Keep the pictures out. Restate the entries below word for word.

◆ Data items
----------
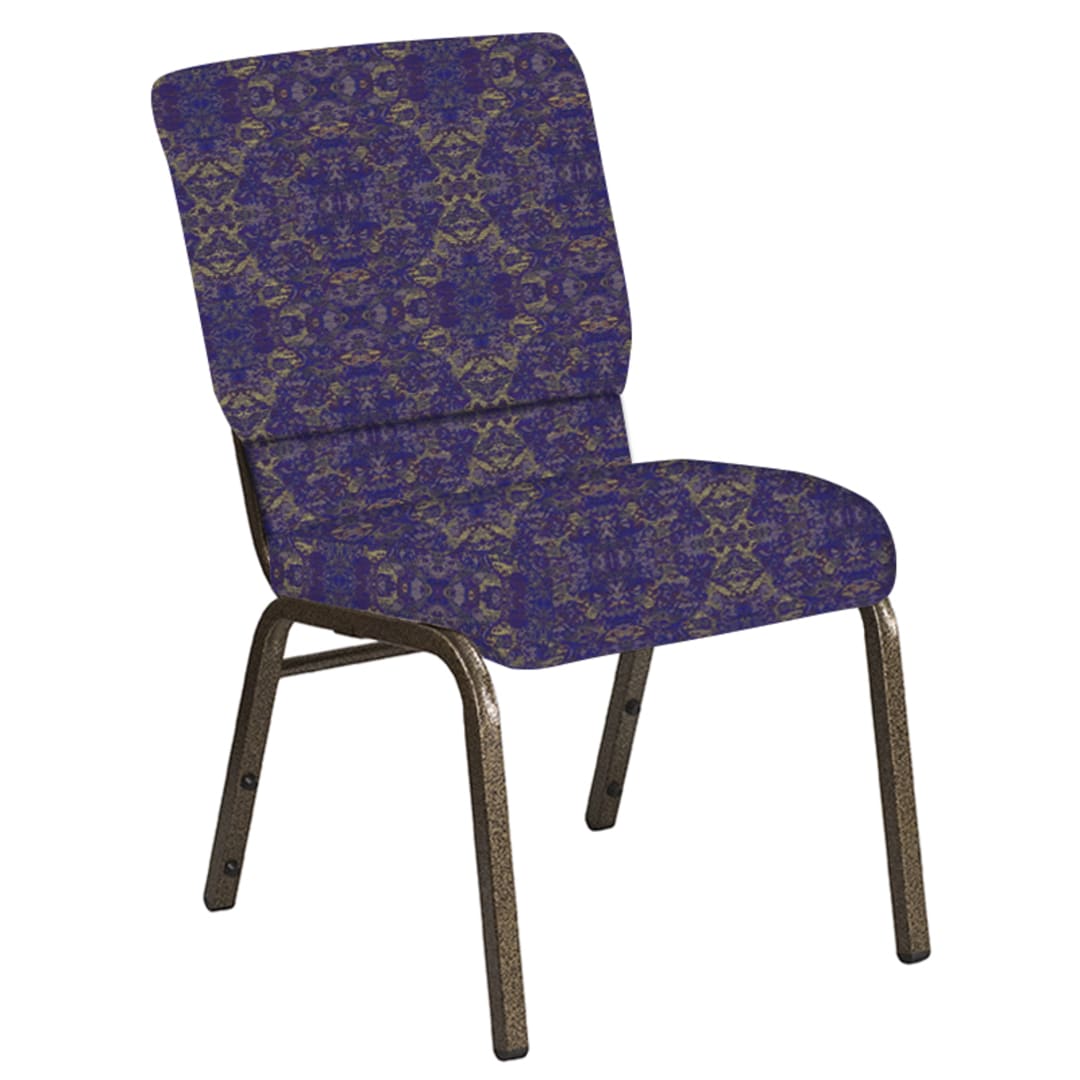Embroidered 18.5''W Church Chair in Watercolor Jazz Fabric - Gold Vein Frame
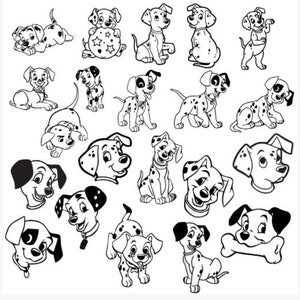 Könnte beinhalten: Eine Sammlung von Schwarzweißillustrationen von Dalmatinerhunden in verschiedenen Posen. Einige Hunde sitzen, einige stehen und einige liegen. Die Illustrationen sind einfach und im Cartoon-Stil gehalten.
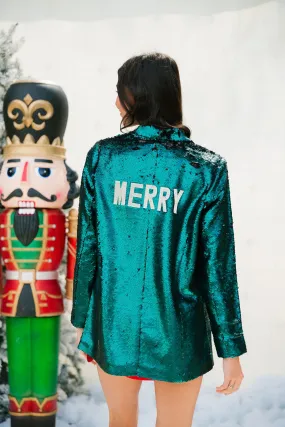 MERRY GREEN SEQUIN BLAZER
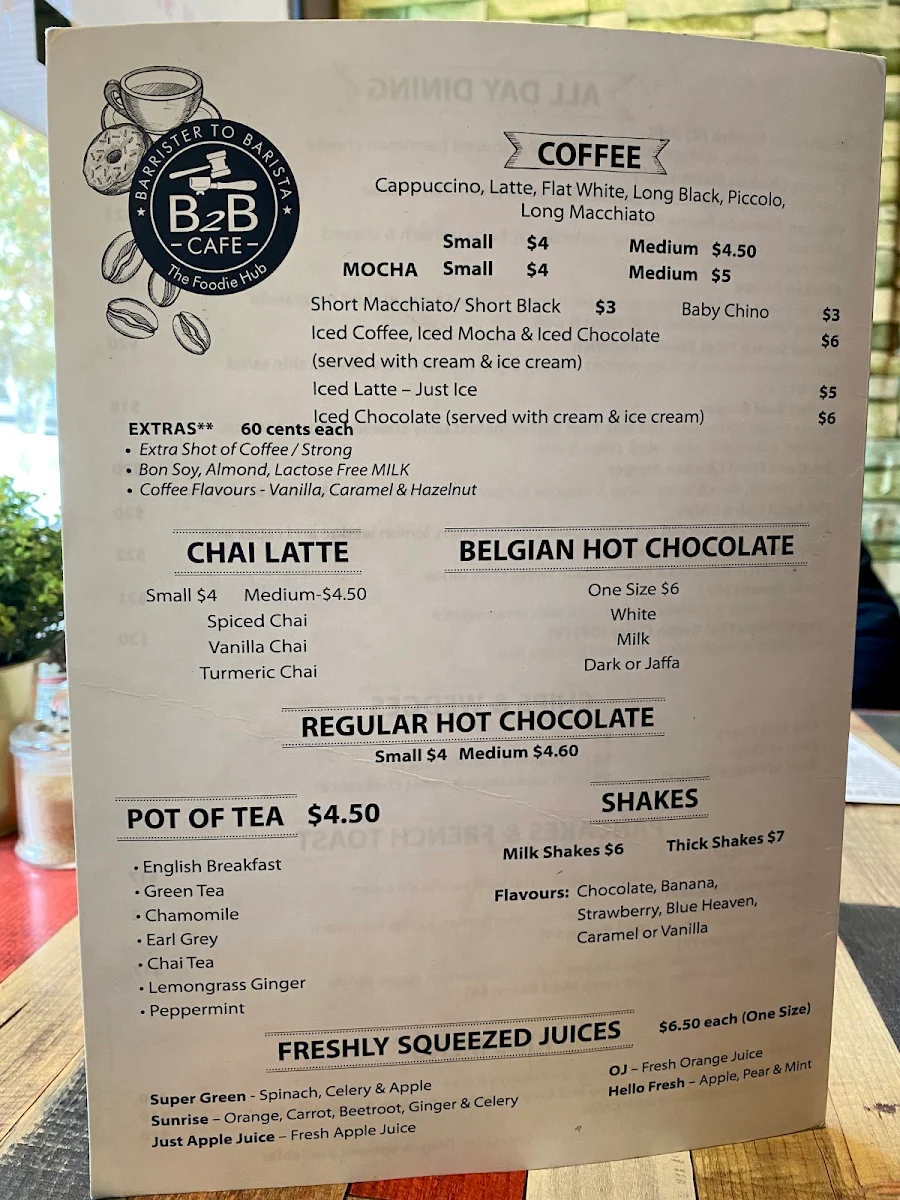 Menu, Cafe B2B Barrister To Barista By Jaffa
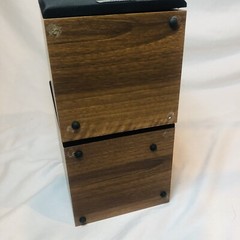 Angel’s Horn Bookshelf Speakers Wood Grain Pair Tested & Working 18W 4ohm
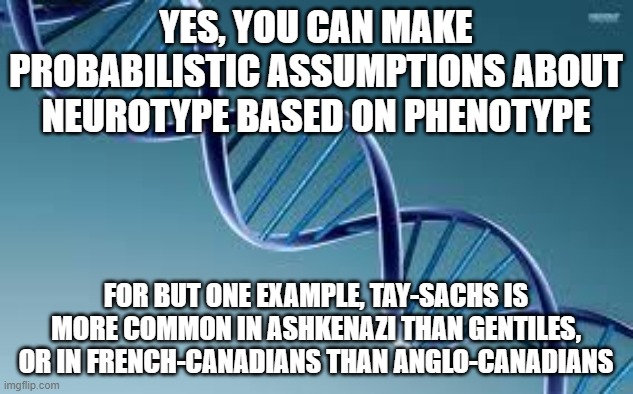 well yes but yes...last 60 years of behavioral genetics yes | YES, YOU CAN MAKE PROBABILISTIC ASSUMPTIONS ABOUT NEUROTYPE BASED ON PHENOTYPE; FOR BUT ONE EXAMPLE, TAY-SACHS IS MORE COMMON IN ASHKENAZI THAN GENTILES, OR IN FRENCH-CANADIANS THAN ANGLO-CANADIANS | image tagged in dna | made w/ Imgflip meme maker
----------
◆ Exercise response
Embroidered 18.5''W Church Chair in Watercolor Jazz Fabric - Gold Vein Frame
 Könnte beinhalten: Eine Sammlung von Schwarzweißillustrationen von Dalmatinerhunden in verschiedenen Posen. Einige Hunde sitzen, einige stehen und einige liegen. Die Illustrationen sind einfach und im Cartoon-Stil gehalten.
 MERRY GREEN SEQUIN BLAZER
 Menu, Cafe B2B Barrister To Barista By Jaffa
 Angel’s Horn Bookshelf Speakers Wood Grain Pair Tested & Working 18W 4ohm
 well yes but yes...last 60 years of behavioral genetics yes | YES, YOU CAN MAKE PROBABILISTIC ASSUMPTIONS ABOUT NEUROTYPE BASED ON PHENOTYPE; FOR BUT ONE EXAMPLE, TAY-SACHS IS MORE COMMON IN ASHKENAZI THAN GENTILES, OR IN FRENCH-CANADIANS THAN ANGLO-CANADIANS | image tagged in dna | made w/ Imgflip meme maker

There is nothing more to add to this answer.